Schon seit den Anfangszeiten von Open ist bei sämtlichen Modellen Carbon als Rahmenmaterial gesetzt und geringes Gewicht steht doch recht weit oben auf der Agenda. So ist es zweifelsfrei auch beim Open U.P.P.E.R., das mit ca. 880g (Rahmen in M ohne Gabel) wohl zu den leichtesten Gravelbike-Rahmen auf dem Markt derzeit gehört. Es handelt sich dabei quasi um die Superleich-Variante des Open U.P., das ca. 180g mehr auf die Waage bringt, sich ansonsten aber nicht vom U.P.P.E.R. unterscheidet. Na gut, ein nicht ganz unbedeutender Unterschied wäre da noch: Der Preis.
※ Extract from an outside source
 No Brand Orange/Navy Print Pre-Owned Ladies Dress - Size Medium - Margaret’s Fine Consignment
Mit 2.900 Euro (Rahmenset inkl. Gabel) ist das U.P. bereits kostspielig, aber doch noch eine ganze Ecke günstiger als das 4.500 Euro teure U.P.P.E.R.
Neben dem U.P.(P.E.R.) hat Open mit dem WI.DE noch ein weiteres Gravelbike im ohnehin überschaubaren Portfolio von nur drei Modellen. Da braucht es natürlich eine Differenzierung zwischen den beiden Modellen – die könnte jedoch klarer nicht sein. Während das WI.DE eher die Offroad-Bikepacking-Fraktion bedienen dürfte, ist das von uns getestete U.P.P.E.R. ein Fall für Speed-Junkies, die sich aber auch von unbedeutenden Widrigkeiten wie Schotter oder unbefestigten Wegen nicht aufhalten lassen möchten.
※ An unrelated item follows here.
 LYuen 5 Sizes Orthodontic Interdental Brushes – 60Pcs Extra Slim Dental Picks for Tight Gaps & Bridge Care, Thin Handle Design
Open begeht mit dem U.P. nicht den Fehler und opfert Vielseitigkeit für Geschwindigkeit – oder eben anders herum. Das zeigt sich auch an der großzügigen Reifenfreiheit: Wer mit kleinen 650b Laufrädern zurecht kommt, kann satte 2,1“ breite Mountain Bike Reifen verbauen, klassische 28“ Pneus passen bis 40mm durch Rahmen und Gabel. Wer möchte, kann aber dank des etwas höheren Tretlagers auch problemlos einen 28mm Straßenreifen fahren und hat ein schlankes, leichtes Rennrad für Asphaltausfahrten. Nicht gar so universell zeigt sich das U.P. beim Thema Montageoptionen. Zwar finden drei Flaschenhalter am Hauptrahmen Platz und das Oberrohr bringt auf der Oberseite zwei weitere Ösen für Taschen mit, doch wer Schutzbleche oder Gepäckträger montieren möchte schaut in die Röhre.
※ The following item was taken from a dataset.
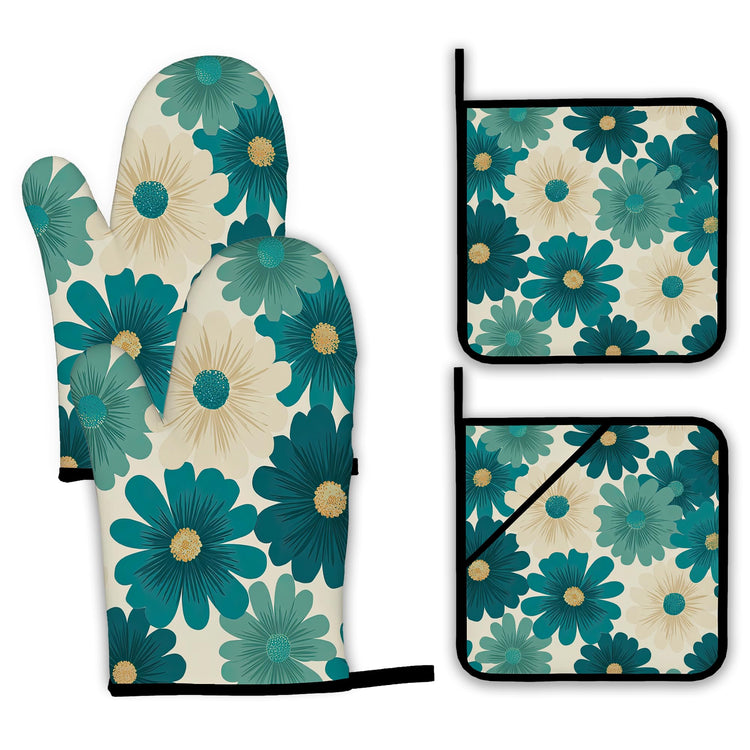 Abstract Daisy Flower Oven Mitts and Pot Holders (4 Count)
Ein so extremes und gleichzeitig vielseitiges Konzept geht natürlich nur dann auf, wenn die Geometrie stimmt. Hier wird’s dann jedoch kompliziert: Sollte man sich eher am klassischen Renner oder am modernen Gravelbike orientieren? Oder gar eine Mischung aus beidem wagen? An letzterem sind durchaus schon einige Hersteller gescheitert.
Geometrie Open U.P.P.E.R.
S | M | L | XL | |
Sitzrohr (in mm) | 520 | 540 | 560 | 580 |
Oberrohr horizontal (in mm) | 514 | 540 | 560 | 581 |
Steuerrohr (in mm) | 105 | 130 | 155 | 180 |
Kettenstrebe (in mm) | 420 | 420 | 420 | 420 |
Radstand (in mm) | 1002 | 1008 | 1014 | 1032 |
Lenkwinkel (in °) | 69.5 | 71 | 72.5 | 72.5 |
Sitzwinkel (in °) | 74 | 73.5 | 73.5 | 73.5 |
Reach (in mm) | 365 | 376 | 387 | 401 |
Stack (in mm) | 522 | 551 | 580 | 604 |
Auf dem Papier ist die Geometrie des Open U.P.P.E.R. sehr nahe an der eines modernen Rennrads bzw. Endurance Bikes. Der Lenkwinkel ist recht steil, die Kettenstreben kurz, die Sattelüberhöhung deutlich. Ein unterschied ist die Tretlagerabsenkung von 70mm, die eher der eines normalen Gravelbikes entspricht, um für ausreichend Bodenfreiheit im Gelände zu sorgen.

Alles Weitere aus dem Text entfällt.